Optimal matching has begun to see substantial use in social science. Abbott and Forrest 1986), on careers (Abbott and Deviney 1992). He has tested reliability in Forrest and Abbott (1990). Jones and Brain (1985) utilize the event distance coding characteristics of optimal matching. Coxon (1988) reports both an elaborate coding scheme and application of matching methods to sexual behavior. (There may be more complete publications from this study that I have not been able to find.) Miller & Roid (1993) apply optimal alignment to movement patterns in infants, while Levitt and Nass (1989) nicely use optimal matching to demonstrate consistency among physics and sociology textbooks. Saberwahl and Robey (1993) apply the techniques to find regularities in innovation processes, as does Poole (????).

One of the advantages of optimal matching/alignment as a sequence technique is that analysts whose theories predict different forms of resemblance can vary the algorithms to suit them. Thus, stage theories with some local disorder - a common position among stage theorists - can be sought using variants of the cellar algorithm (Wagner 1983). Theories implying the unimportance of minor shifts in duration of runs can be handled with variants of the affine gap-cost algorithm (Sankoff & Kruskal 1983:296ff). Subsequence problems across large datasets (the "turning point" question in life cycle data) can be handled with new local alignment algorithms using Gibbs samplers and expectation maximization (Lawrence et al 1993). More important, the unilinearity constraint is slowly being lifted. Even game theoretic sequences (which branch at each decision point) will probably be analyzable using the tree resemblance algorithms of Shasha and others (Zhang and Shasha 1989, see also Sankoff and Kruskal 1983: 265ff).
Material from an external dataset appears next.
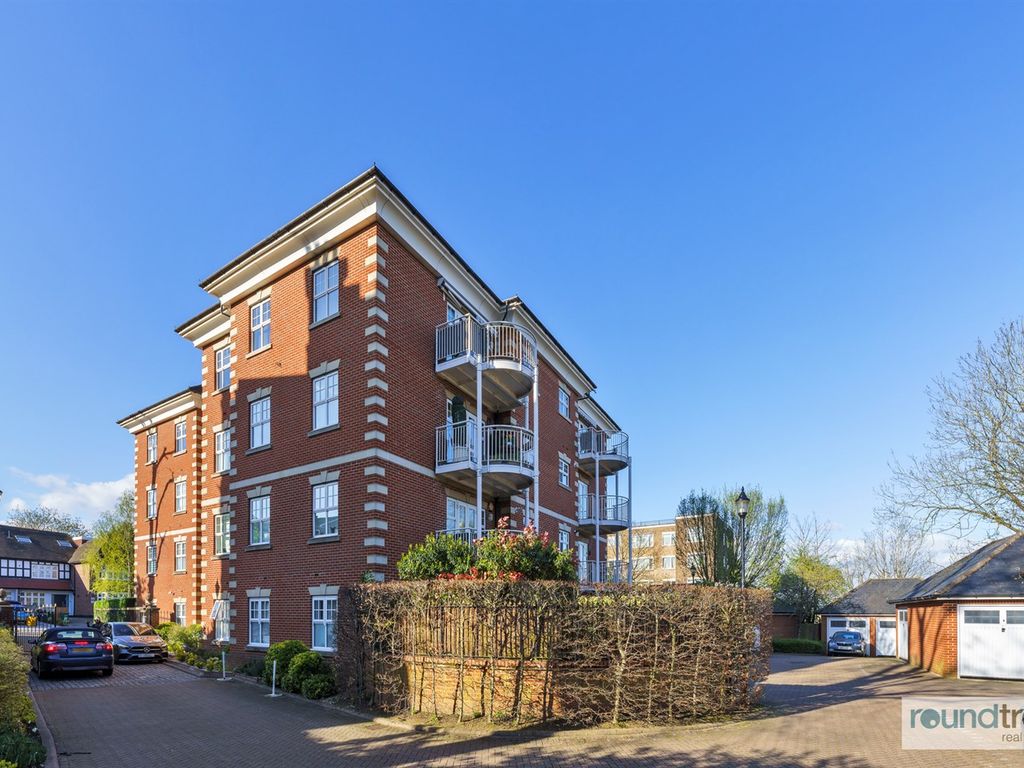 2 bed flat for sale in Markham Court, Corrigan Close, Hendon NW4, £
At present the measure theory of whole sequence data is preliminary indeed. In the highly specialized but fairly common situation of sequences embodying stages that all cases pass through in the same order, the methods of Collins et al (1988: a kind of generalized Guttmann methodology) may prove to be generalizable from their original of use as a generator of scaling items. But much depends on formal models of sequence generation and, probably more importantly, on the actual methodology chosen. Abbott (1984) raises a number of general measurement issues. Another extraordinarily interesting area is scheduling theory, for example, Birch (1984)'s extremely interesting paper on sequences generated by simple activitation time models. Scheduling models, like the Fararo/Skvoretz production models, may prove crucial to developing serious measurement analysis for sequence data. Also important may be artificially intelligent sequence-guessing programs. For an example, see Dietterich & Michalski 1985.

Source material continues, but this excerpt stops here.